So, the stage was set for Atletico Madrid to make a comeback of historic proportions. The game plan was going to be the same; they were going to play open and higher up the pitch, except this time it was going to be carried out by players that knew they were likely going to be playing their last Champions League match at the Calderon.
That desperation, of course, can make a team’s physical output increase, and that is exactly what happened during the first 25 minutes at the Calderon. Atletico Madrid scored two goals in the first 16 minutes because their intense running and pressing prevented Zinedine Zidane’s side from getting into their possession flow.
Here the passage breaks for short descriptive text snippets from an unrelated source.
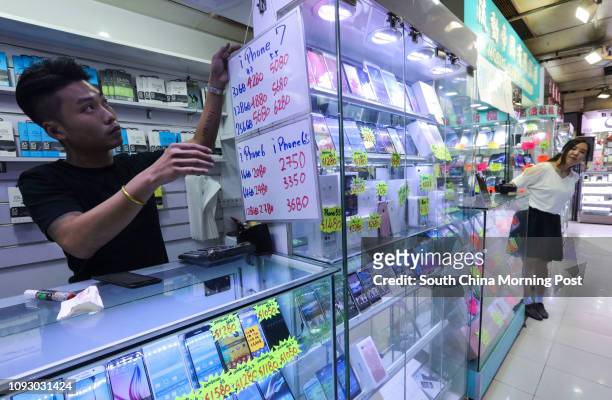 Photos of older versions of iPhones price drops as Apple launches the new iPhone 8 and iPhone X for preorder at a shop in Sin Tat Plaza in Mong Kok....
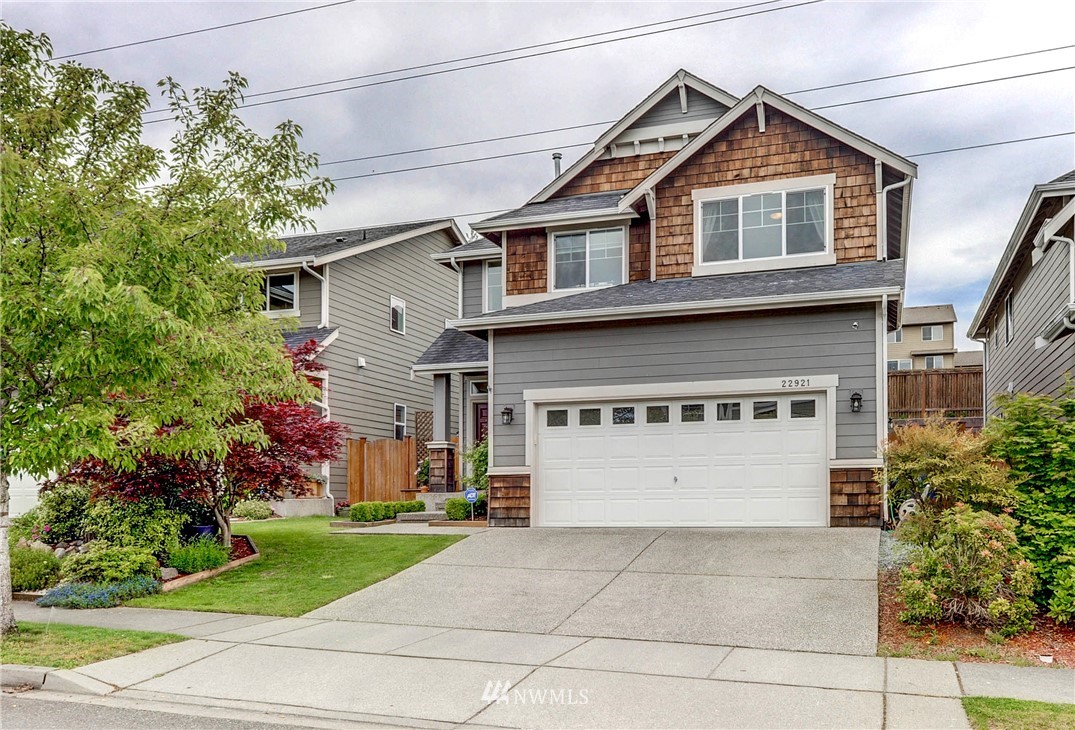 22921 42nd Drive Southeast Bothell, WA 98021 - Photo 1 of 38 a front view of a house with a yard and garage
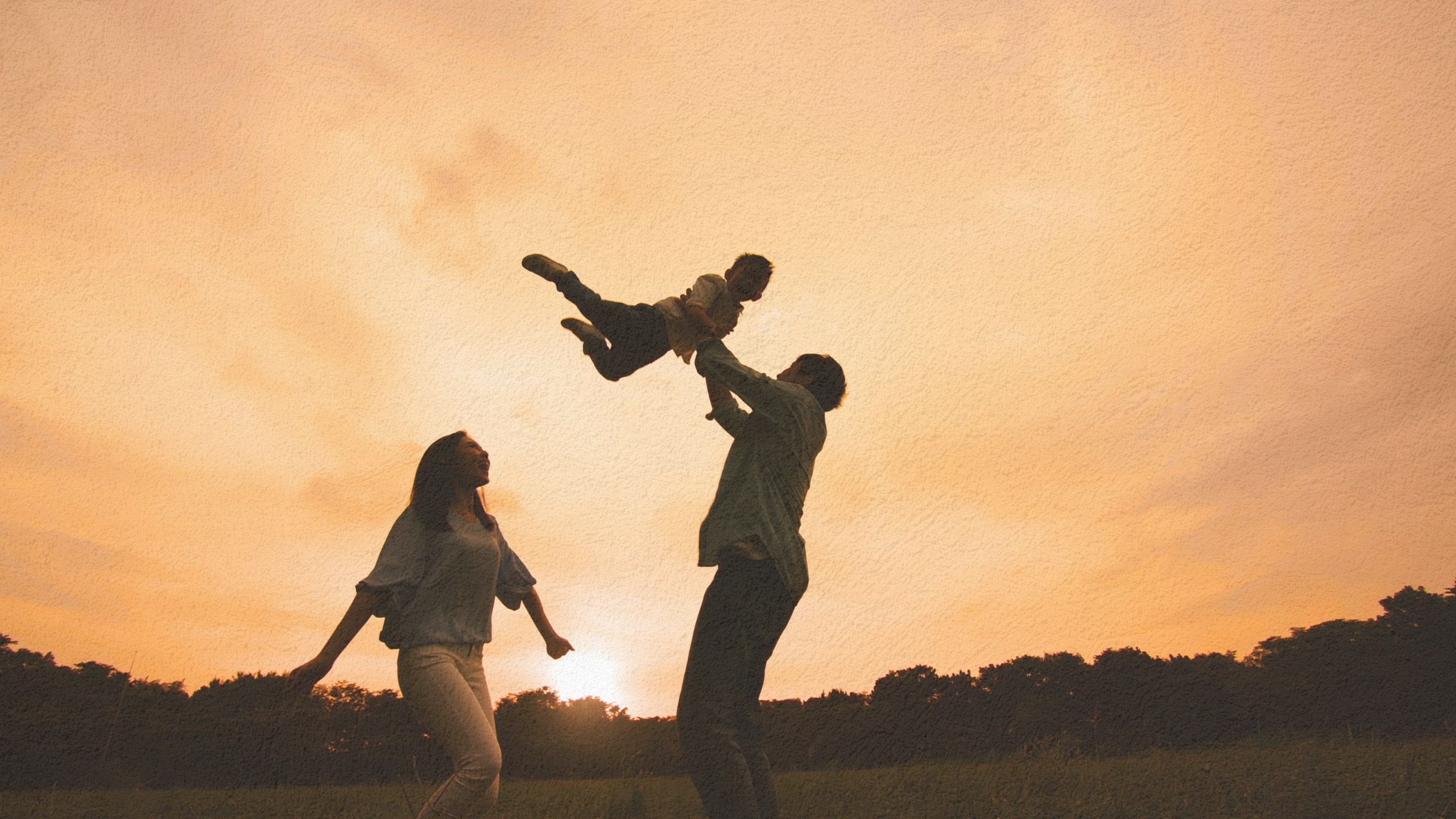 Parents walking with their son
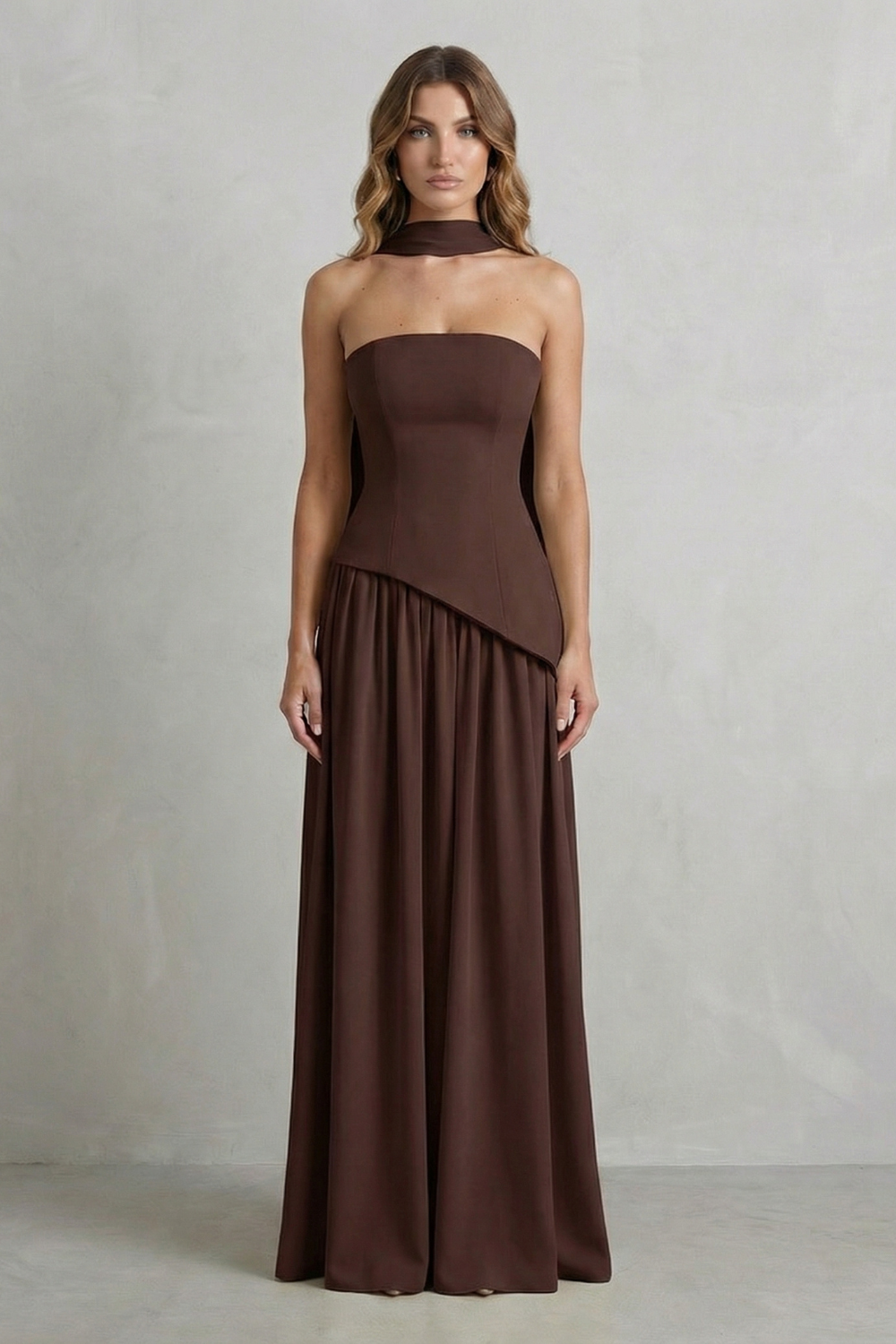 Dark brown strapless maxi dress with draped corset-style bodice and gathered skirt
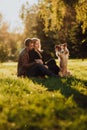 Cute cuple with dog border collie on green field in park under tree in sunshine Royalty Free Stock Photo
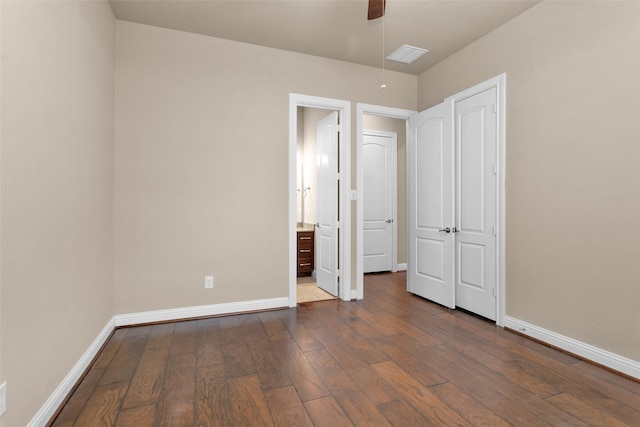 unfurnished bedroom featuring ceiling fan and dark hardwood / wood-style flooring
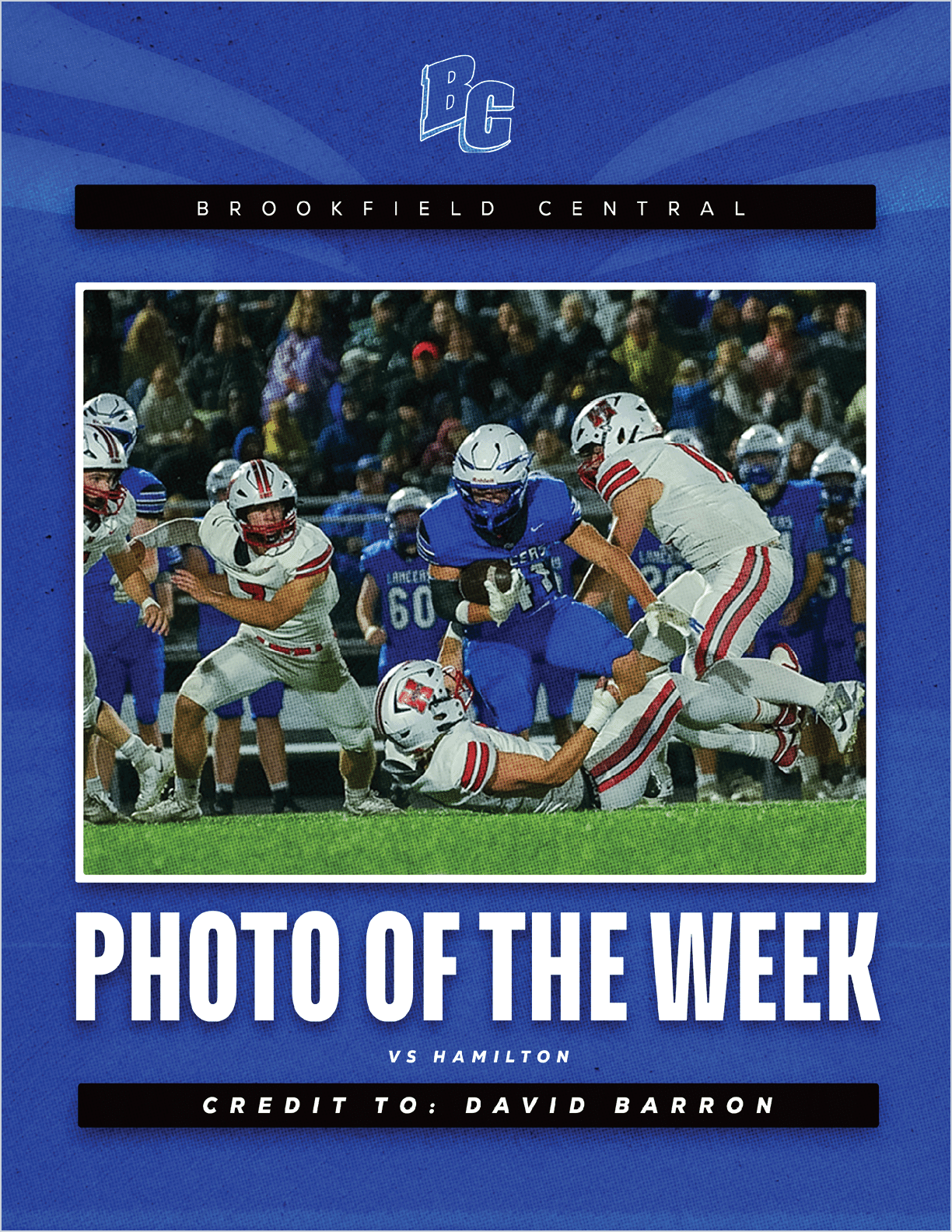A group of people in football uniforms are actively playing on a field with one person in blue running with the ball while others in white attempt to tackle or block. Description generated by AI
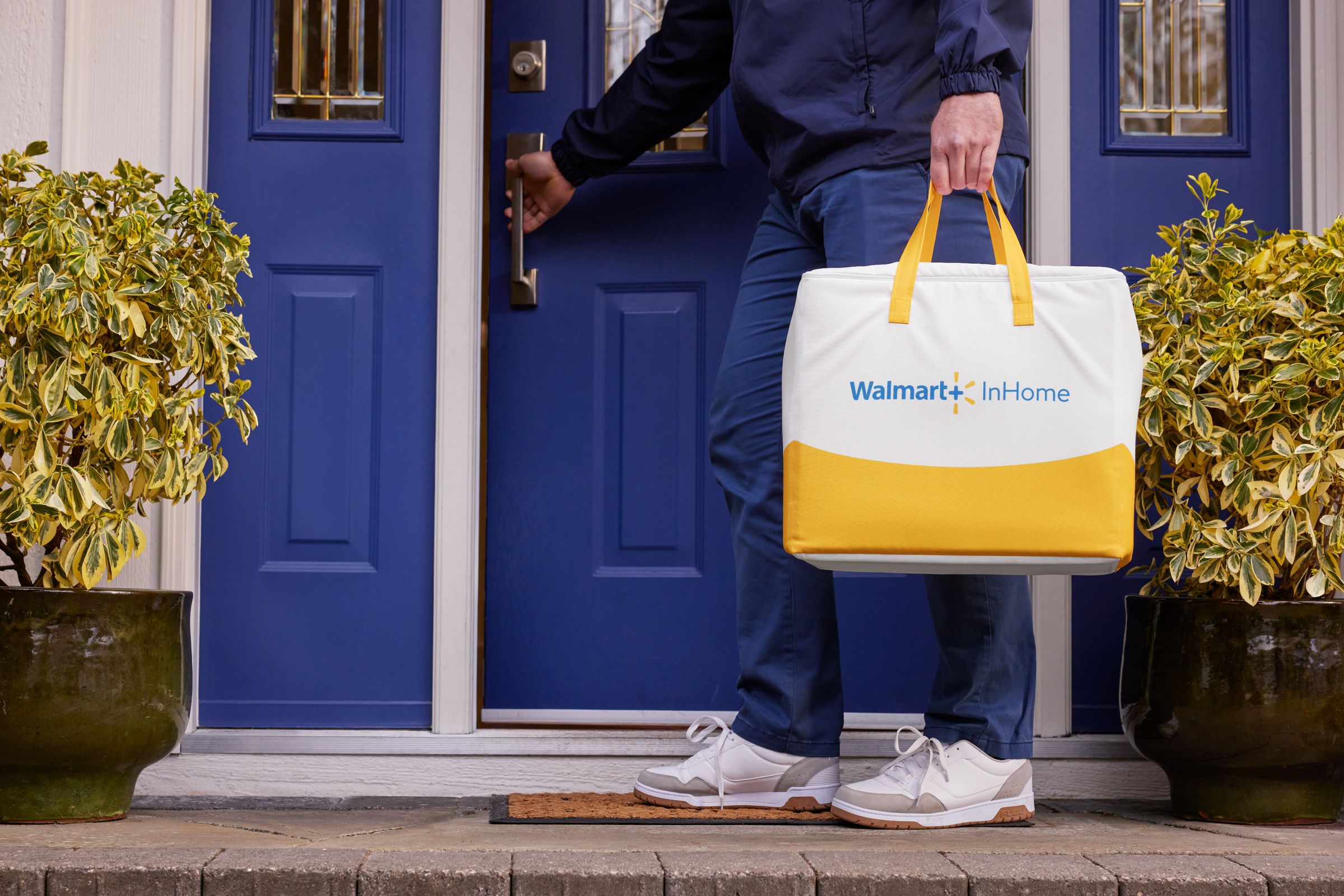 A photo of a Walmart delivery bag on a doorstep.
In short, Los Blancos had trouble getting out of their own zone on many occasions.
The video below showcases the numerous things that Atletico did well tactically and individually in the first 16 minutes and put them in a position to score twice in that timeframe.
After Atleti scored twice to make the aggregate score 3-2, Real Madrid slowly got more comfortable on the ball as Atleti became more compact as they were content to try and get their equalizing goal from counters.
However, Simeone’s side would be dealt a crushing blow when Karim Benzema would single-handedly create a goal by beating three Atleti defenders and Isco finishing the effort.
Isco’s goal and Jose Gimenez’s poor penalty area decision
Benzema’s goal creation was an individual play of wonder, no doubt about it. But, Jose Gimenez should have never gone into that corner. He should have stationed himself just outside the 2v1 scenario from the comfort of his own penalty area. Watch below.
As the match entered the second half, Atletico’s intensity dipped and many of the attack phase issues of the first-leg plagued them again. As a result, Los Blancos used their excellent build-up and possession play to give them control despite the odd Atleti counter.
In addition, Keylor Navas came up big on a couple of occasions in the second. Atletico had two point blank chances, one after the other, and the Costa Rican denied them both. Two chances wasted again.
But, despite exiting from the Champions League for the fourth straight time against Real Madrid, Atleti still played a better match than their display at the Bernabeu. In the opening 25 minutes, Atleti showed a lot of their world class defensive zonal awareness, and their pressing intensity. They’re more than just a team that sits deep.
Real Madrid, on the other hand, will try out their numerous weapons against the best defense this season in Juventus. Real Madrid wasn’t at their best at the Calderon, but they didn’t need to be after Benzema’s magic. We shall see if Zidane’s men can overcome Massimiliano Allegri’s fortress.